# Record excerpts:
"""
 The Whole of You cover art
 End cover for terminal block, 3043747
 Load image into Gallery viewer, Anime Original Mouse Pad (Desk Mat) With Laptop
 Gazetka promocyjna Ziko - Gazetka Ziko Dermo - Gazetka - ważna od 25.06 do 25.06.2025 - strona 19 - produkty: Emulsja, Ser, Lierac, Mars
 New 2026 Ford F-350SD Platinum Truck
"""
"""
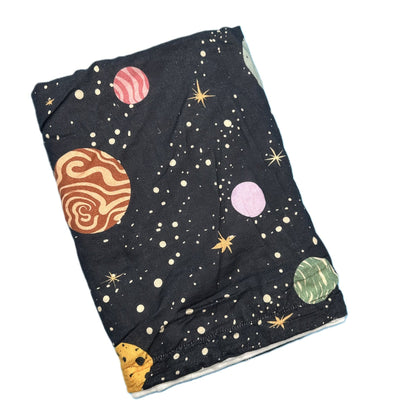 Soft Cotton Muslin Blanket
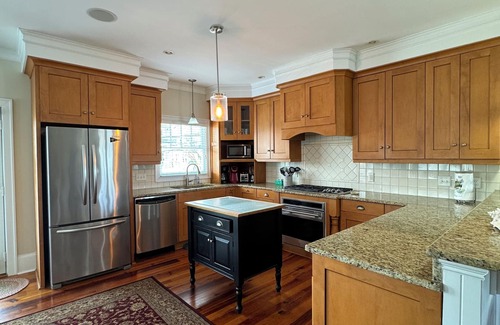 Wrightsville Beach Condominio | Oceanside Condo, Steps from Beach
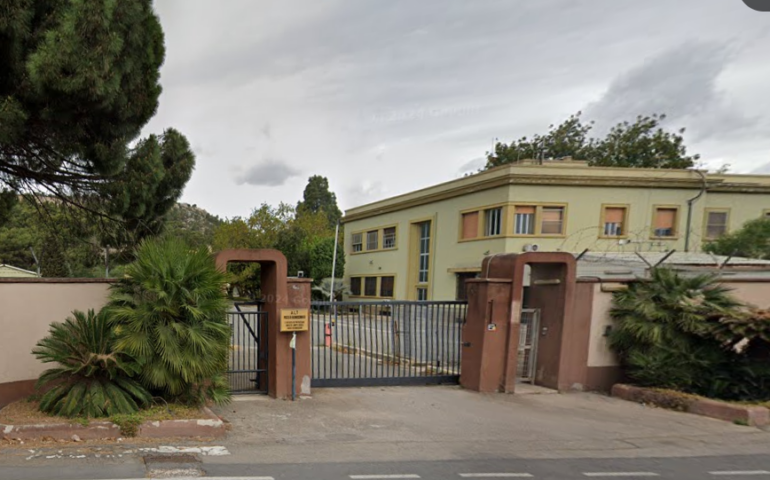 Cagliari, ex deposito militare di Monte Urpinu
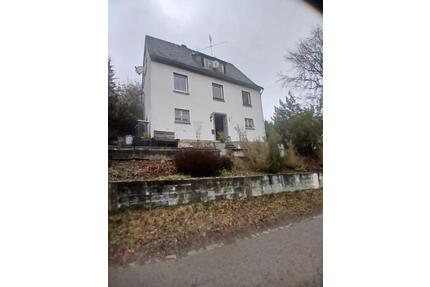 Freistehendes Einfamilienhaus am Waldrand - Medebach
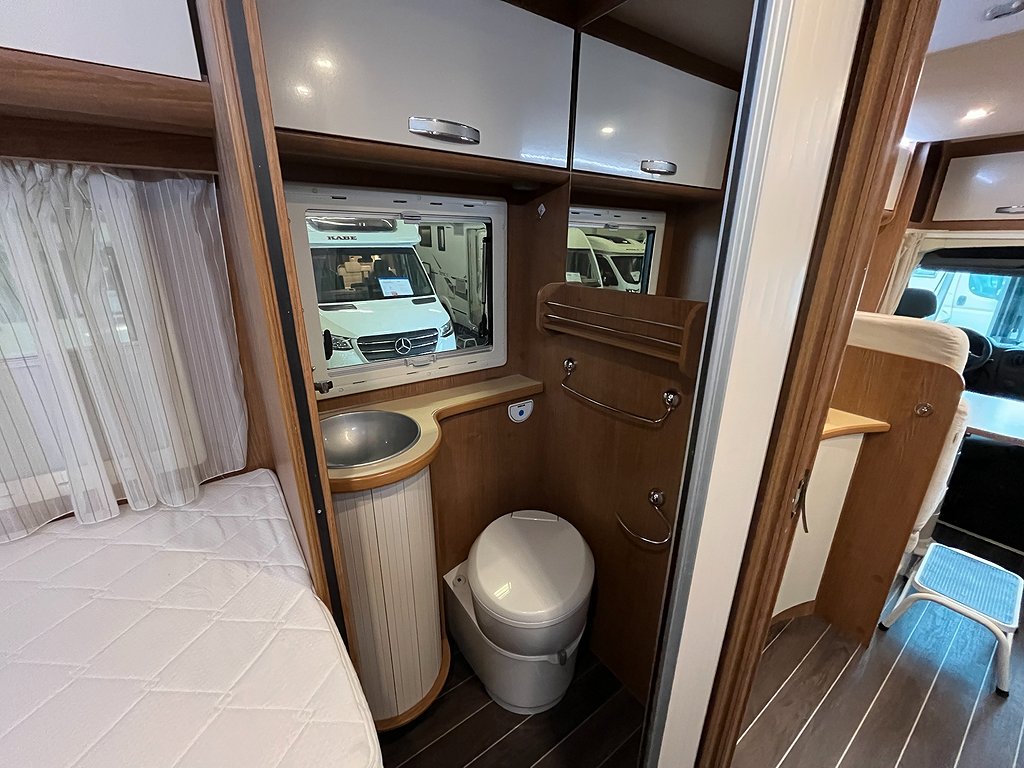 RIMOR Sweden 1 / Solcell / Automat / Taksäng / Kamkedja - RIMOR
"""
"""
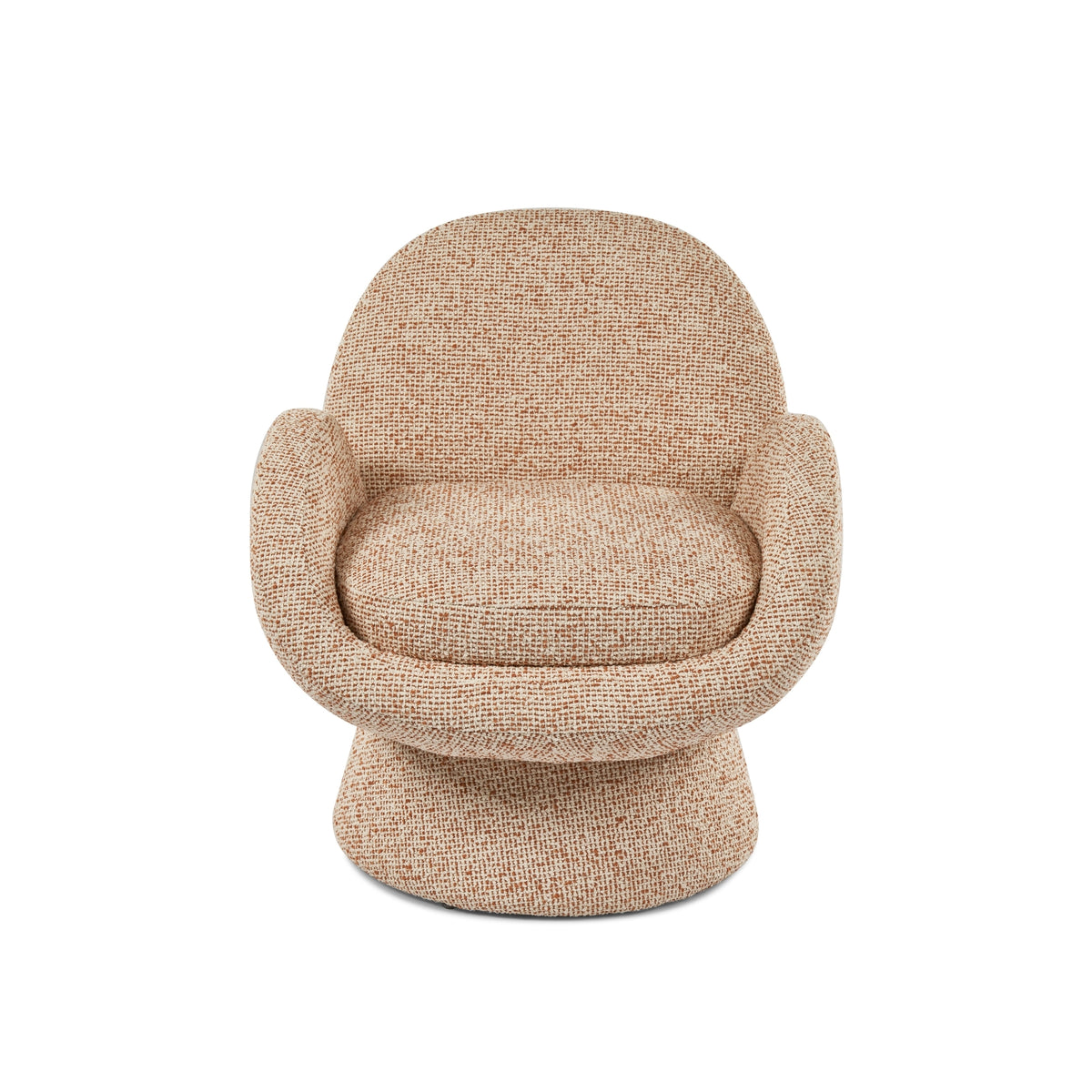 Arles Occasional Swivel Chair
"""
# The task:
Say how many lines of the listing above contain "cover", giving nothing but the number.

# Answer area:
2